Lebih lanjut ia menuturkan, dengan teknik budidaya bioflok lebih mudah mengontrol debit dan kualitas air. Saat panen pun juga lebih mudah lantaran terdapat instalasi pipa khusus untuk mengurangi atau menguras air. Meskipun begitu, kelancaran sirkulasi oksigen menjadi hal penting dalam kelancaran sirkulasi oksigen menjadi hal penting budidaya bioflok.
Aerator mesti terus menyala karena memastikan ketersediaan oksigen terlarut menjadi tantangan terbesar pada budidaya nila bioflok.
Ia memiliki 30 kolam bioflok yang masing-masing berdiameter 5 meter (D5). Ia menebar 2.000 benih dalam kolam D5. Pemberian pakan 3 kali sehari saat pagi pukul 04.00, siang pukul 12.00, dan sore pukul 16.00.

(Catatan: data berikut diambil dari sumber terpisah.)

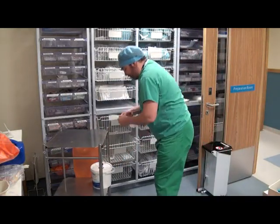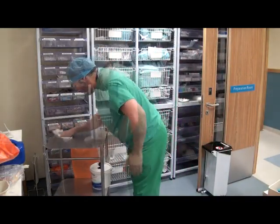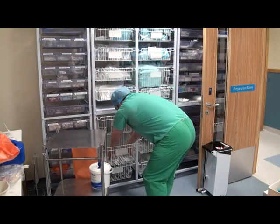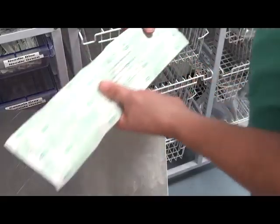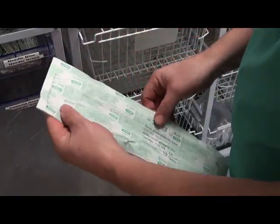After washing hands, prepare a dressing trolley and ensure all surfaces are clinically clean. Assemble all the necessary equipment for NG tube insertion, checking packaging and expiry dates.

Iwan tidak menganjurkan pemberian pakan terlalu sore. Alasannya khawatir terjadi perebutan oksigen antara tumbuhan, bakteri, dan nila saat malam. “Setelah makan, nila membutuhkan banyak oksigen untuk mencerna makanan,” kata Iwan.
Prospek bisnis ikan nila masih menggeliat. Alasannya nila merupakan ikan konsumsi yang banyak dibutuhkan konsumen. Kendati demikian, Iwan mengingatkan sebelum memutuskan budidaya bioflok agar mencari ilmu terlebih dahulu.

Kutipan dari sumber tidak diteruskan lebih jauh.